Though I truly enjoyed the old, heavy incarnation of Waller, it simply does not make sense for this Waller, the Waller displayed in the newest volume of Suicide Squad, to be heavy. There is no grief for the character to conceal. People are heavy for different reasons—many of them pointing more towards inescapable circumstances and heredity than poor life choices. However, this is not true in Waller’s case. Waller chose to be fat. Artists depicted her enjoying heavy foods and alcoholic drinks. And for a woman in a position of power, where every conceivable type of body modification was made available to her, she chose none.

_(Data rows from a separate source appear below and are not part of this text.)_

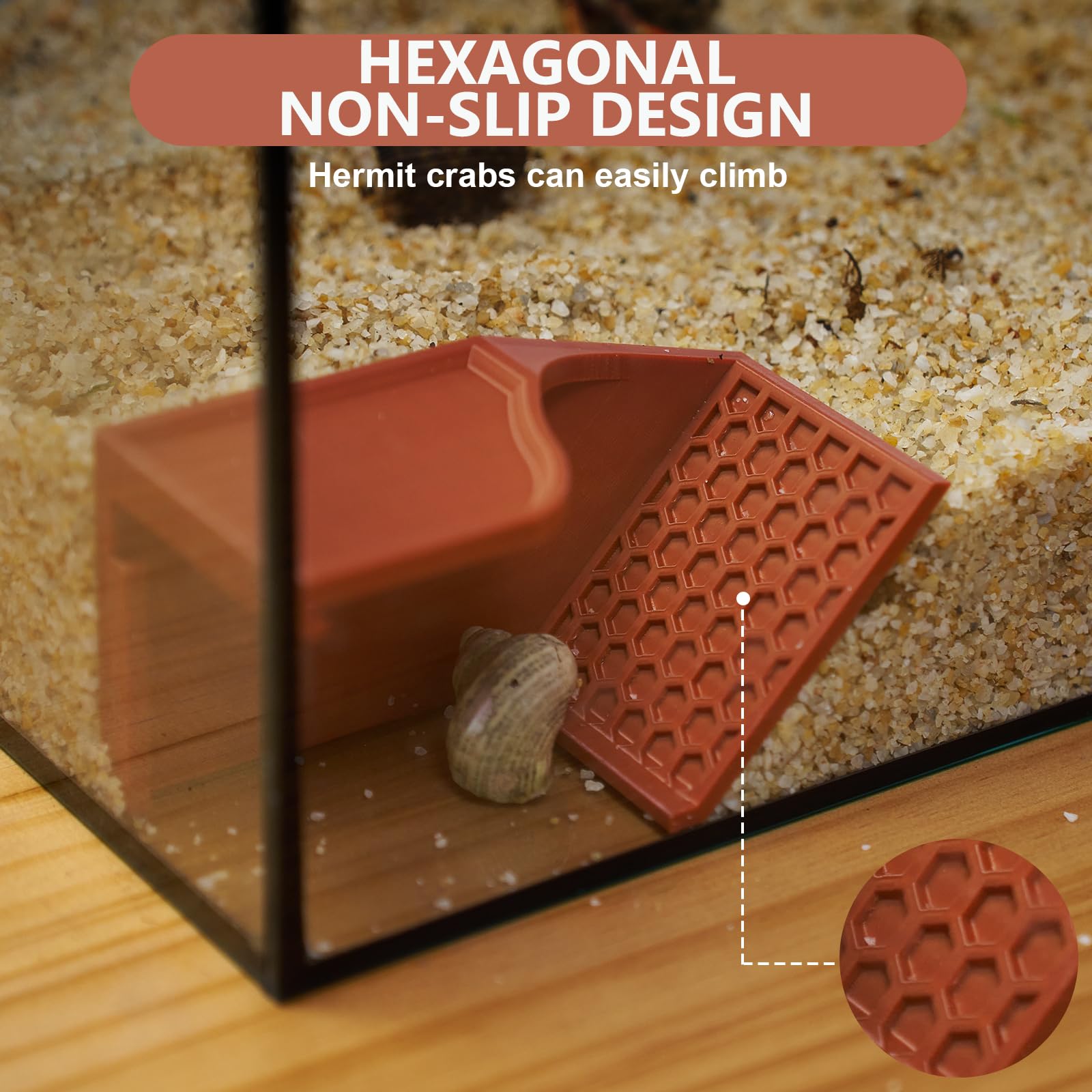 Swirge habitat dos cuevas independientes ofrecen refugios para varias mascotas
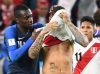 Perú se despide del Mundial; pierde 0-1 ante Francia en el Grupo C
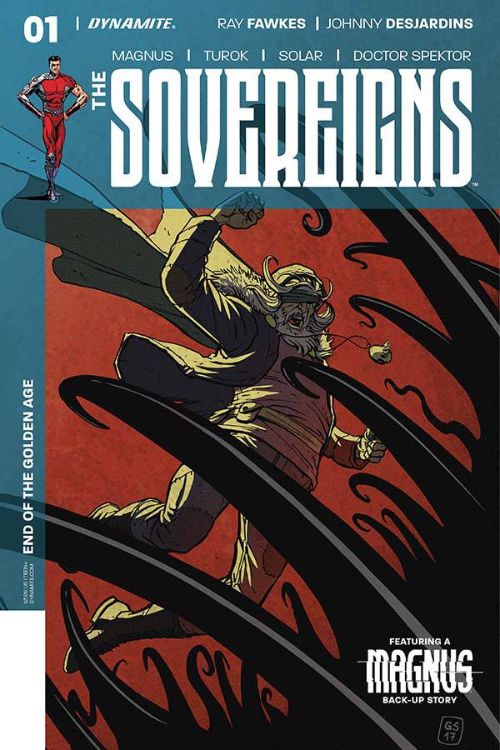 SOVEREIGNS#1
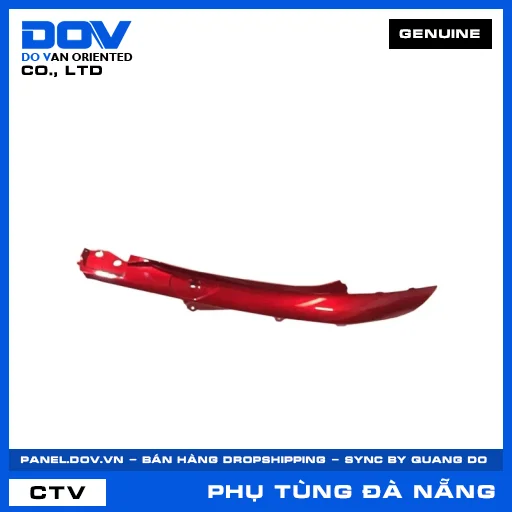 ỐP SƯỜN PHẢI TRÊN *R340C* AIR BLADE, AIR BLADE 110 — 83700KVGV40ZA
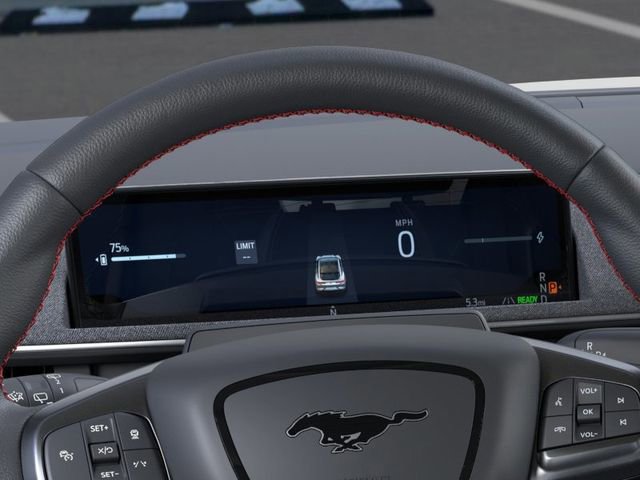 New 2025 Ford Mustang Mach-E Premium w/ Sport Appearance Package image 15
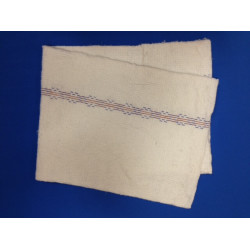 Felmosó ruha, pamut, szegett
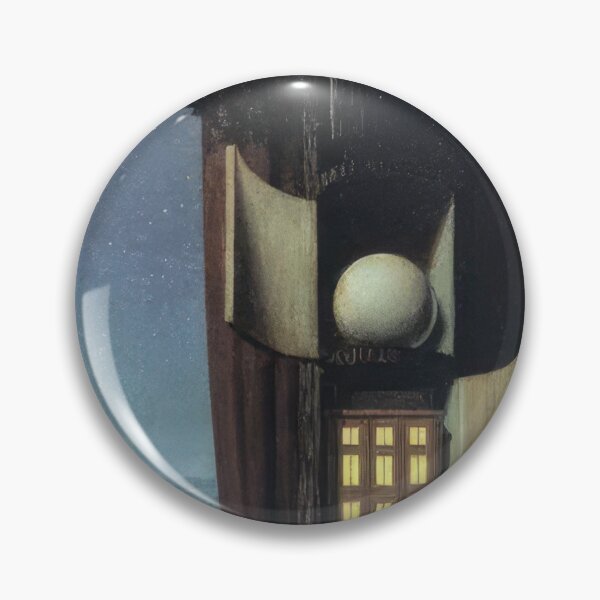 Item preview, Rene Magritte designed and sold by AwakenArto.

Had Waller been more popular, had she been an “A-list” character in starring roles rather than a strong, supporting character, this would have been—pardon the pun—meaty material. A writer would have explored this territory in the same manner that others have explored the alcoholism of Tony Stark. Why did food and patriotism become her marks of excess? Was it a way to enjoy passion and physical pleasure without the dangers of intimacy? Love for one’s country—especially that of a black woman for America—is unrequited. And while food can be a social pleasure, how many depictions of Waller involved a table piled with platters and the company of loving friends and family? I cannot think of one. Where were Waller’s children? I’m sure they were provided with every opportunity and privilege available once Waller had achieved a position of power—save for a mother’s time and attention.
There’s a wealth of interesting stories there. But Amanda Waller is not Anthony Stark. And a grieving black woman using fat for armor, America as a shield, and food for a lover is not going to be as compelling to audiences as a fit, white playboy who uses whiskey and an inexhaustible supply of promiscuous models and debutantes. Still, I find both equally fascinating. But who cares—aside from me and a handful of other people—what the fat black woman is feeling? She endures! She is a Strong Black WomanTM!
Don’t peek behind the curtain.
That moment of loss, that kernel of grief, made the old Amanda Waller physically and emotionally, as sure as the death of Ben Reilly made Spider-Man. And now it is gone. And so should the armor go too.
Of course, what we have now is an Amanda Waller in name only—a blank slate. But this diminutive Waller could very well be an equally interesting character. It’s strange. It’s as if “Amanda Waller” was simply a title to be handed down. A new one has picked it up and we’ll see what the creative team does with her.
It’s a new universe. Anything is possible.